The House Ethics Committee released a report today clearing Rep. Laura Richardson, D-Long Beach, of wrongdoing in her home foreclosure fiasco. But the report discloses some things that don't  make her look good. Herewith, the five most delicious disclosures:

1. Richardson called a Washington Mutual lobbyist to help stop her foreclosure.

Richardson said she reached out to Sacramento lobbyist Jan Owen because she was the one person she knew at WaMu from her time in the Legislature. Owen referred the case to the bank's “Executive Response Team,” which put a hold on the foreclosure. Connections help!

2. When the foreclosure happened anyway, Washington Mutual executives went into “crisis mode,” fearing that the fiasco made them look like bumblers.

As Washington Mutual scrambled to figure out what went wrong with Richardson's loan, they also spent a lot of time crafting their response to the press. That response was to stonewall. But as the situation worsened, Owen told a colleague they were on “borrowed time.” As she explained to the House investigative subcommittee, she was “concerned that Washington Mutual would be perceived in the press as a bumbling company.” A few months later the company would be bankrupt, and this would be the least of their concerns.

3. While working to fix the situation, Washington Mutual execs privately trashed Richardson.

After WaMu decided to rescind the foreclosure of Richardson's home, Alan Elias, senior VP for corporate communications, said in an e-mail to a colleague, “I really am looking forward to her almost immediately defaulting on any new plans or failing to pay to get caught up. Maybe we should throw a lawnmower into the deal to sweetem [sic] the pot?! ;)” Since modifying her loan, however, she has managed to stay current.

4. When applying for her loan, Richardson knowingly claimed to earn $12,000 a year on rent in her San Pedro property, though she did not.

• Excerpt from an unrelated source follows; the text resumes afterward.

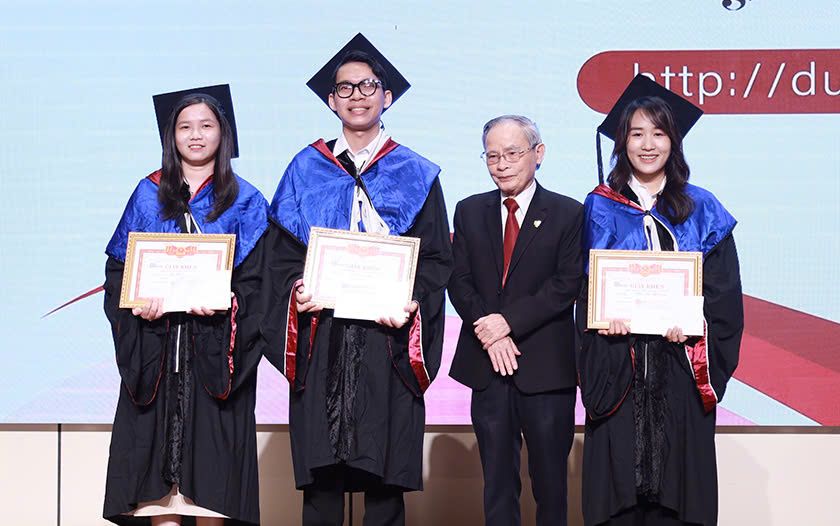 Các trường đại học Việt Nam vào top bảng xếp hạng tốt nhất thế giới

The report includes persuasive evidence that Richardson's mortgage broker, Charles Thomas, committed fraud by forging rental agreements for her properties in Long Beach and San Pedro. The properties were never rented. The report concludes, based largely on Richardson's testimony, that she knew nothing about the fraud.

But there is a document, in her own handwriting, in which she claimed to earn $12,000 per year as a “rent credit.” She testified that this was rent she expected to get from her mother, but never received. The document was used to substantiate her income in order to get the loan. The Ethics Committee chose to refer Thomas to the Justice Department for a possible loan fraud prosecution, but gave Richardson a pass.

Richardson's lawyers got a letter from the DOJ earlier this year stating that Richardson will not be charged with loan fraud.

5. Richardson's credit score was not good.

Her scores from the three consumer credit rating agencies: 575, 582 and 603.